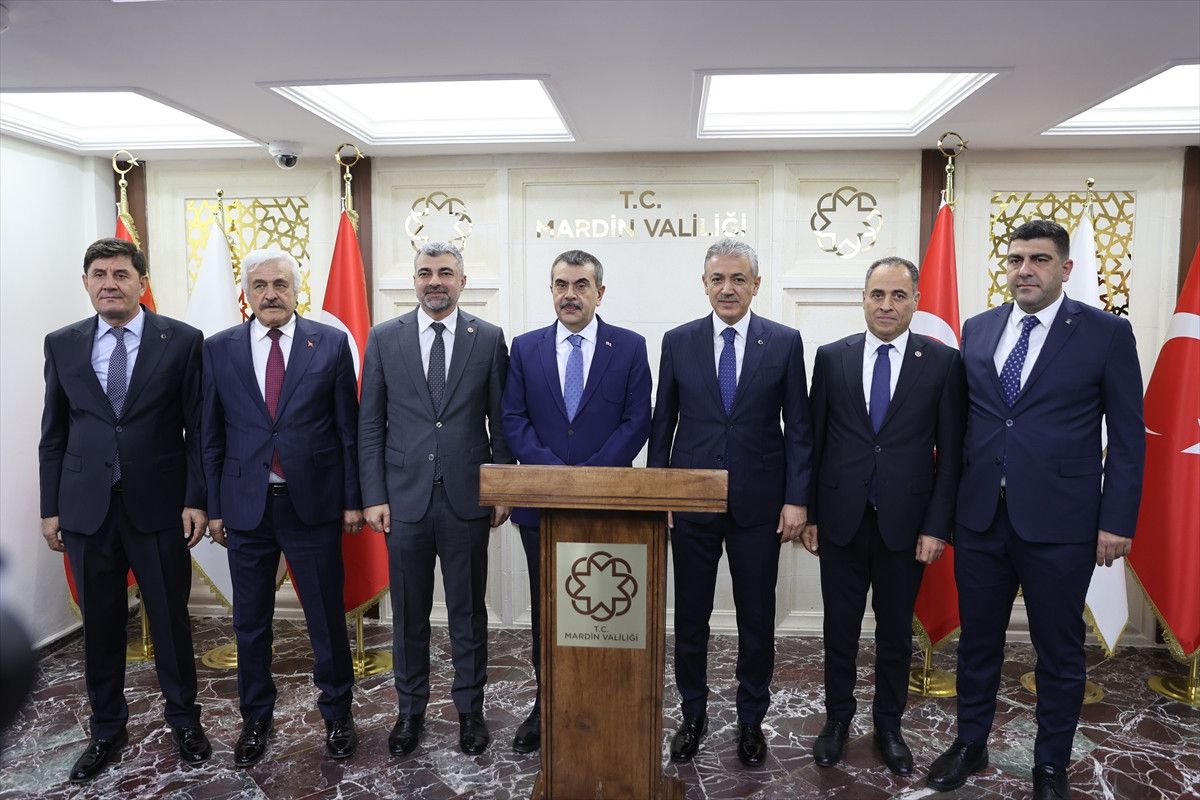 Yusuf Tekin'den 'mesleki lise' değerlendirmesi: Talep her geçen yıl biraz daha artıyor 4 yusuf tekinden mesleki lise degerlendirmesi talep her gecen yil biraz daha artiyor 0 O6KgWcwP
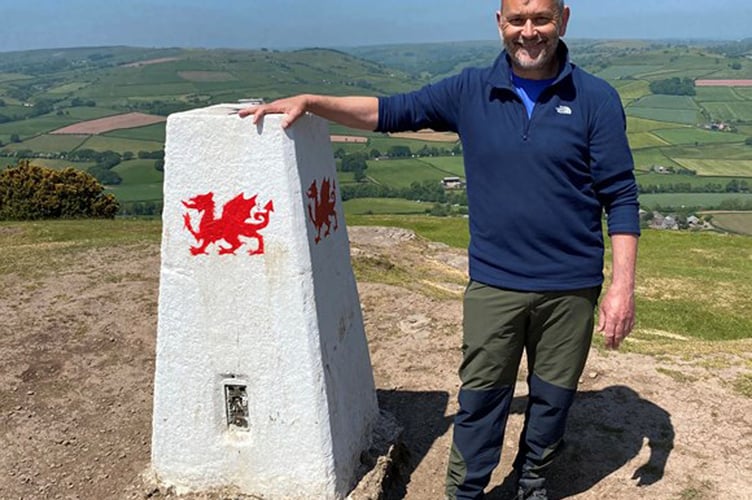 Mae Tudur Owen yn angerddol am enwau llefydd Cymraeg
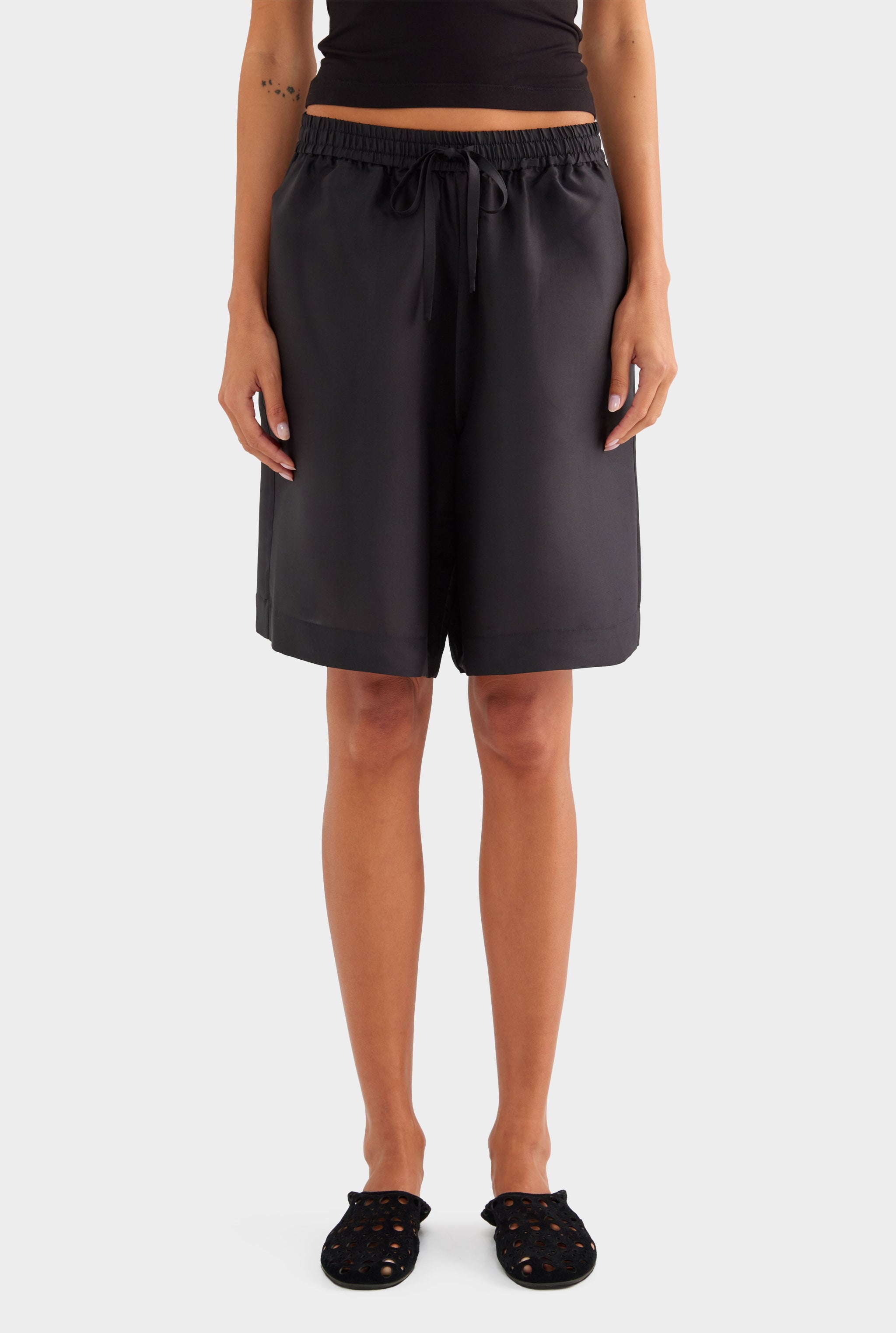 Silk Slub Bermuda Short - Black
········
TASK DIRECTIONS | Everything from the line with "Mae Tudur Owen" through the final line of the material is to be returned exactly, both ends included, apart from the pictures.

THE ANSWER |
 Mae Tudur Owen yn angerddol am enwau llefydd Cymraeg
 Silk Slub Bermuda Short - Black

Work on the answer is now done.